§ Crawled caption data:
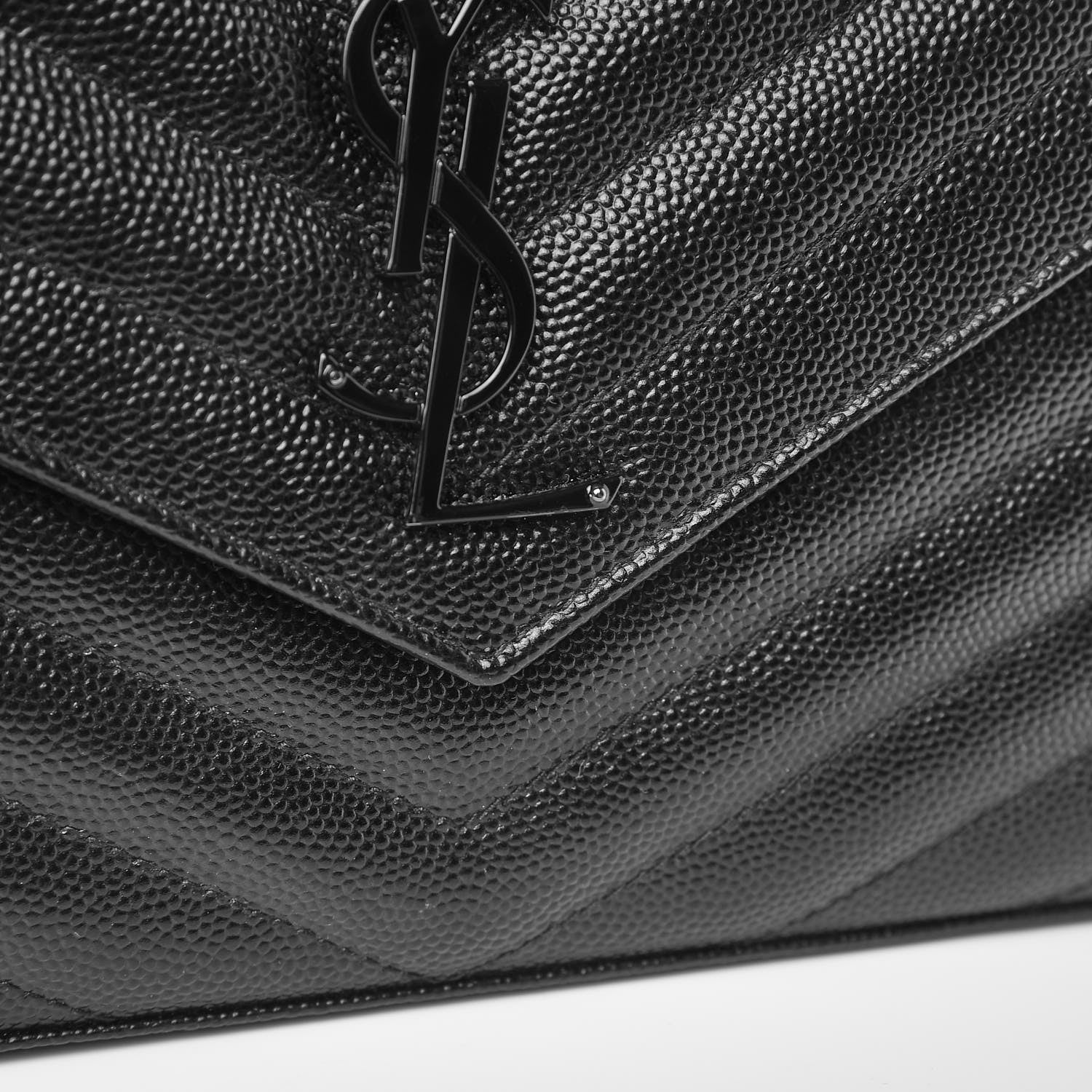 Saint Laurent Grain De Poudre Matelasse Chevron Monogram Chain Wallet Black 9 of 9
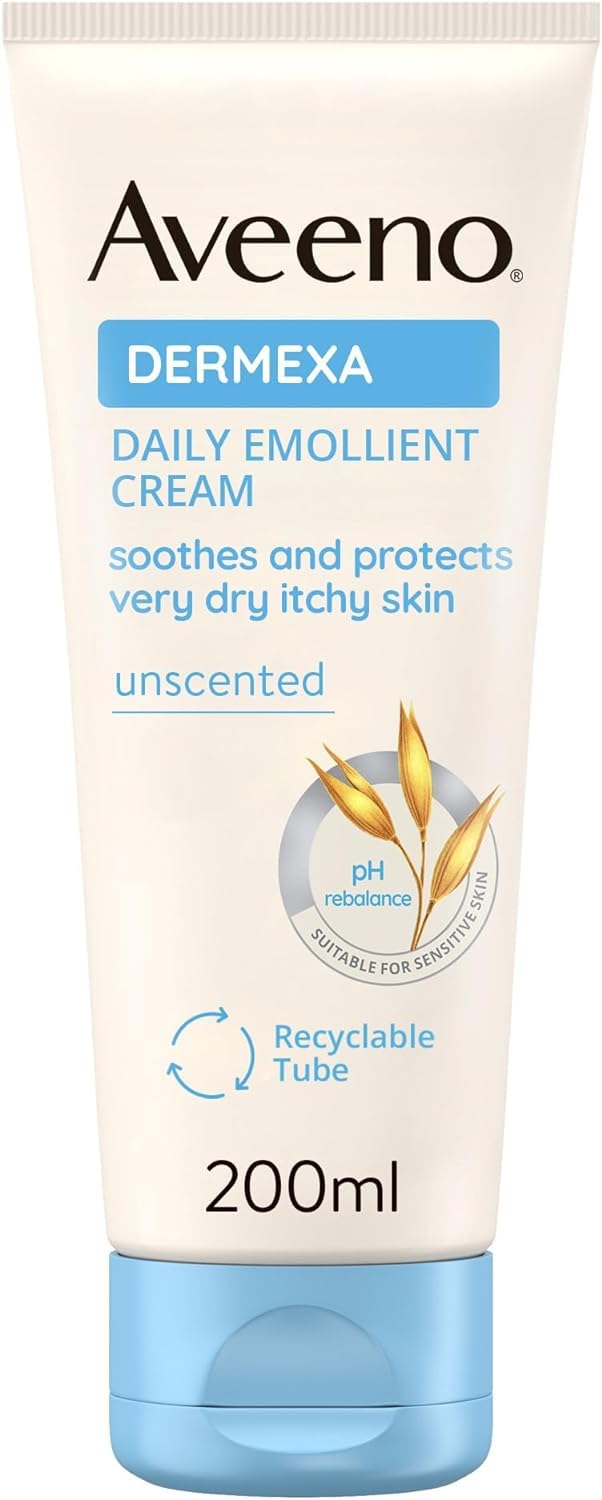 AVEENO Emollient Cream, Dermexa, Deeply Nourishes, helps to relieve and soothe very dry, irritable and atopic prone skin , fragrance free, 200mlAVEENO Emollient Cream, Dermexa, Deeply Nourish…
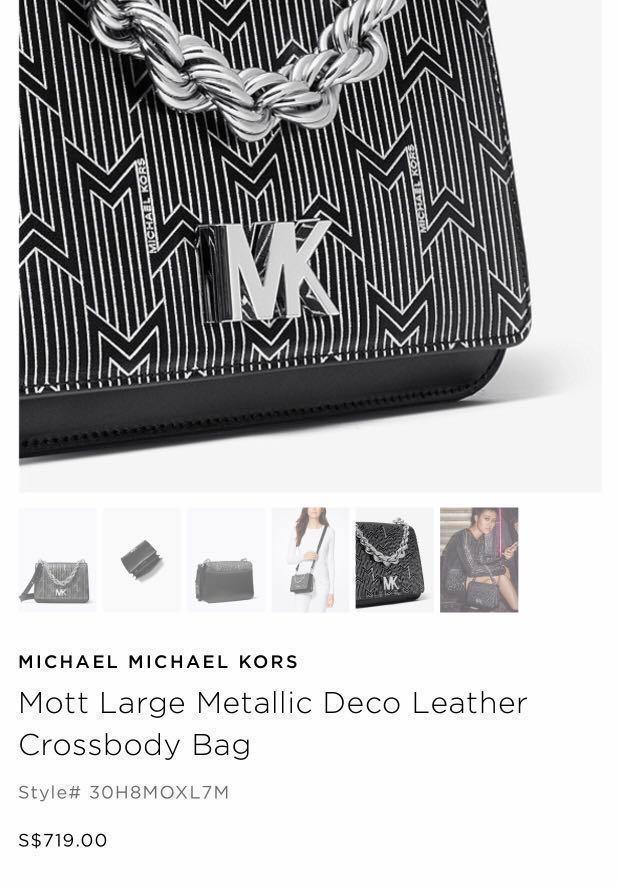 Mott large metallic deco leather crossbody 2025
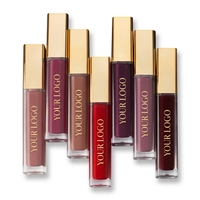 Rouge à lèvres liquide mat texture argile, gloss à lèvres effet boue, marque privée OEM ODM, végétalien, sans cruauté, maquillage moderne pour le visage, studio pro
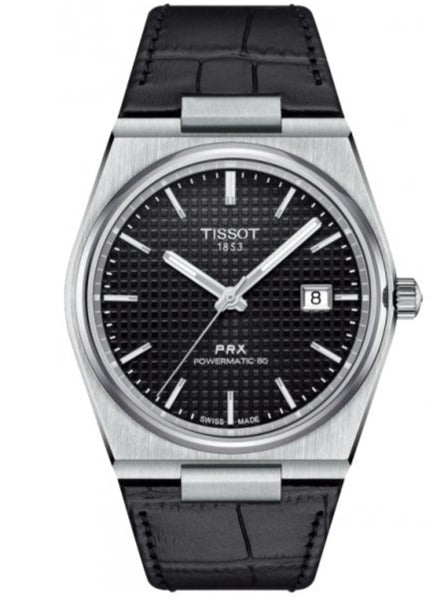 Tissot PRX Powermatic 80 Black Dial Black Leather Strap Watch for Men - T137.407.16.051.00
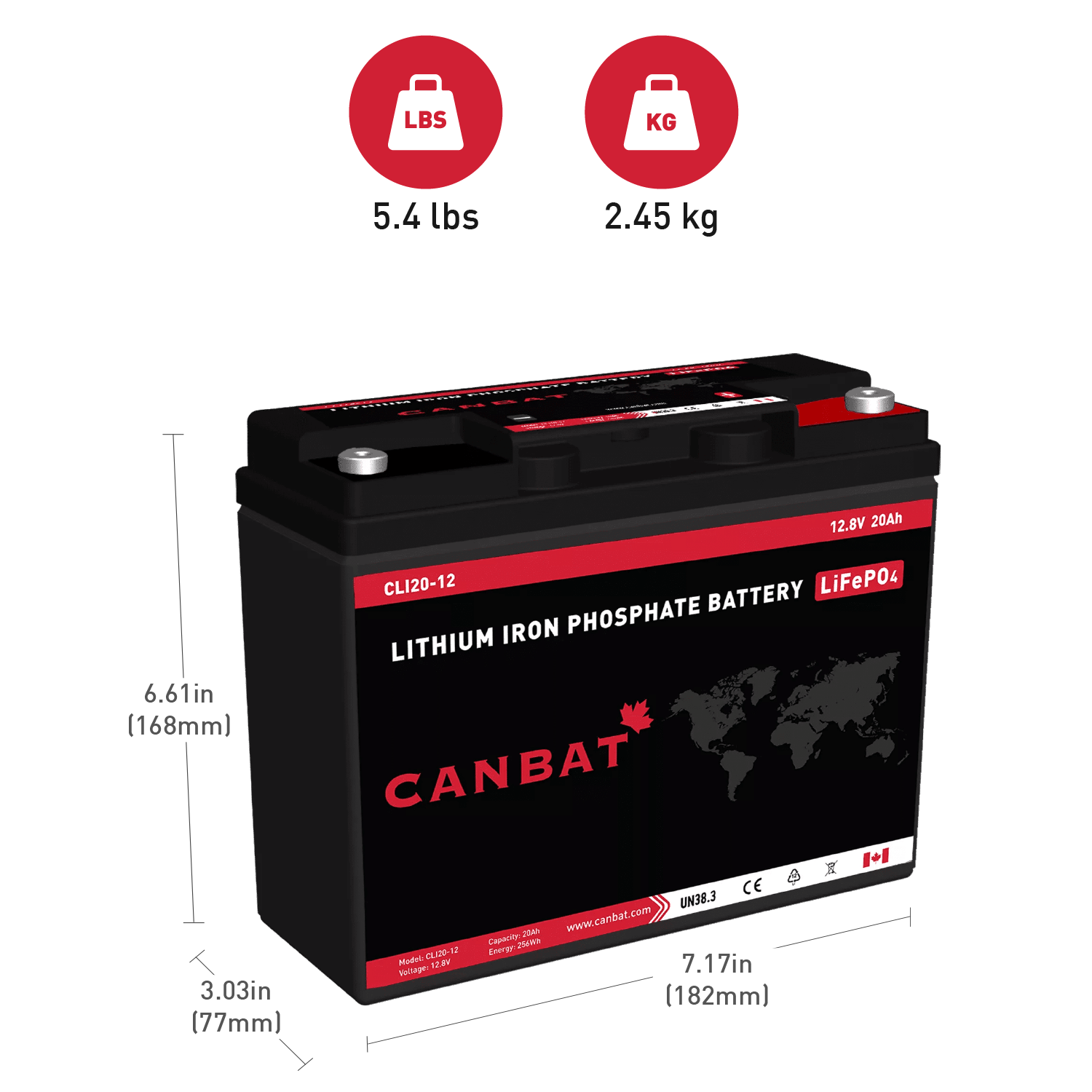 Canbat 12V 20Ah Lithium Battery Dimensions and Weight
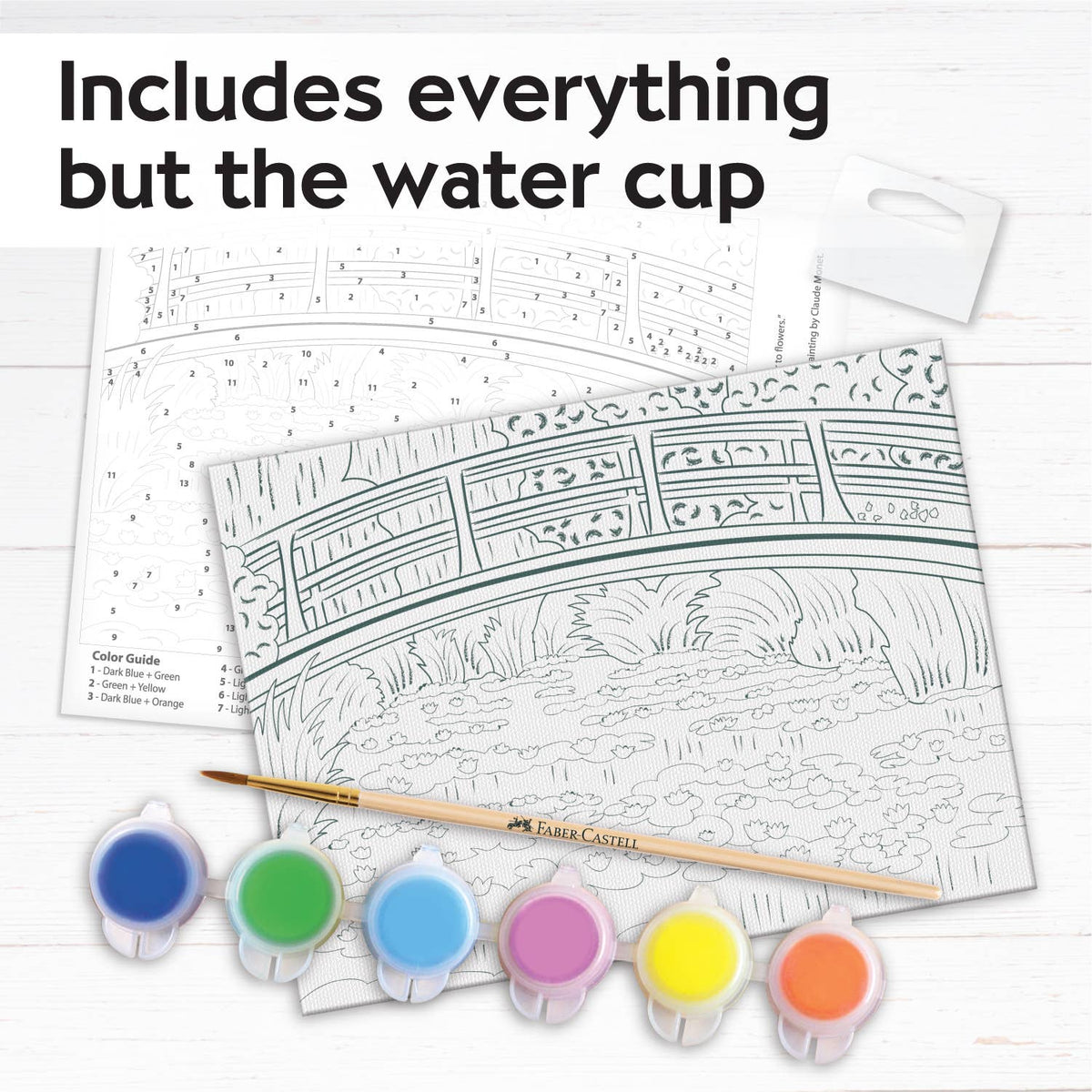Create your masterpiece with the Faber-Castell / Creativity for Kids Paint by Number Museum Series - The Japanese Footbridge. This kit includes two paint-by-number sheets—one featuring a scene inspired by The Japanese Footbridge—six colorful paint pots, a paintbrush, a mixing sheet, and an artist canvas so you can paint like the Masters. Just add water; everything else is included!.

§ Problem to work on: Restate the data exactly, though only from the line that contains "Rouge à lèvres" through its last line, both ends included and with the pictures left out.

§ Task answer:
 Rouge à lèvres liquide mat texture argile, gloss à lèvres effet boue, marque privée OEM ODM, végétalien, sans cruauté, maquillage moderne pour le visage, studio pro
 Tissot PRX Powermatic 80 Black Dial Black Leather Strap Watch for Men - T137.407.16.051.00
 Canbat 12V 20Ah Lithium Battery Dimensions and Weight
Create your masterpiece with the Faber-Castell / Creativity for Kids Paint by Number Museum Series - The Japanese Footbridge. This kit includes two paint-by-number sheets—one featuring a scene inspired by The Japanese Footbridge—six colorful paint pots, a paintbrush, a mixing sheet, and an artist canvas so you can paint like the Masters. Just add water; everything else is included!.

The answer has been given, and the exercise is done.